Ainsi qu'il a été exposé précédemment, l'Autorité estime que les facteurs ayant conduit France Télécom à pratiquer des tarifs d'éviction à ces deux niveaux n'ont pas disparu, et pourraient même être favorisés par la réintégration de Wanadoo au sein de France Télécom. France Télécom est ainsi en mesure de réduire l'espace économique laissé à ses concurrents, de façon d'une part à renforcer sa position sur le marché des offres de gros livrées au niveau national, afin de contrôler une part plus importante de la chaîne de valeur et d'autre part à évincer ou à réduire l'extension géographique des offres fondées sur le dégroupage, en ce qu'elles constituent une menace stratégique de moyen et de long termes.
Or les opérateurs concurrents de France Télécom ont investi et continuent d'investir de manière importante dans des réseaux concurrents de ceux de l'opérateur historique ; notamment les investissements annuels d'un opérateur dans le dégroupage sont de l'ordre de 100 à 150 millions d'euros (38). Dans le même temps, les tarifs de détail du haut débit sont, début 2005, parmi les moins élevés d'Europe, et les marges sont donc faibles.
La puissance de marché globale de France Télécom, liée notamment à sa maîtrise quasi exclusive des accès bas débit, d'une majorité des accès haut débit et de la quasi intégralité des paires de cuivre lui permettrait, si elle le souhaitait, de pratiquer des tarifs susceptibles d'évincer ses concurrents. De tels comportements ont été constatés dans le passé. Ainsi, le marché du dégroupage a été quasiment fermé par France Télécom entre début 2001 et mi-2002, jusqu'à la modification des tarifs du dégroupage imposée par la décision n° 2002-323 de l'Autorité en date du 16 avril 2002, et le marché des offres livrées au niveau régional a été fermé par des comportements d'éviction de France Télécom entre 2001 et début 2004, tel que décrit ci-avant.

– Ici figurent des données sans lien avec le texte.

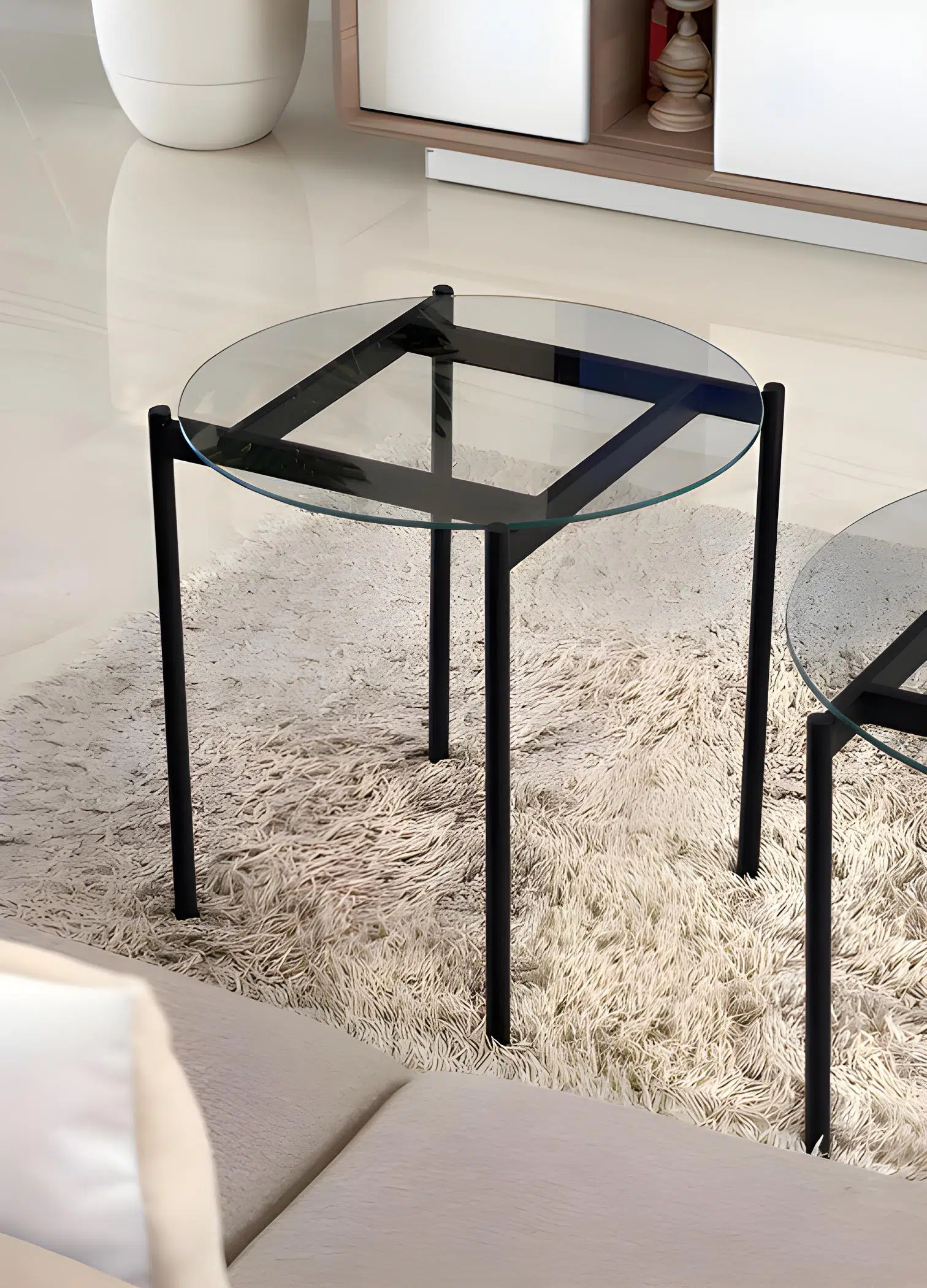 Table d’appoint Oscar PM – Verre & metal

Compte tenu du développement du marché et des enjeux liés à la poursuite du développement de la concurrence, et notamment l'extension géographique des réseaux de collecte des opérateurs alternatifs leur permettant d'accéder au dégroupage et au plus bas niveau de livraison des offres livrées au niveau régional, l'Autorité estime justifié d'imposer à France Télécom l'obligation de ne pas pratiquer des tarifs d'éviction sur le marché des offres large bande livrées au niveau national, conformément à l'article L. 38-I (4°) du code des postes et des communications électroniques.
Cette obligation, qui vient alléger le dispositif précédemment en vigueur d'homologation préalable des tarifs, est, en l'absence de mesure moins contraignante ayant le même but, proportionnée aux objectifs fixés à l'article L. 32-1 (II) du code des postes et des communications électroniques, et, en particulier, « à l'exercice au bénéfice des utilisateurs d'une concurrence effective et loyale entre les exploitants de réseau et les fournisseurs de services de communications électroniques », et à « l'égalité des conditions de concurrence ».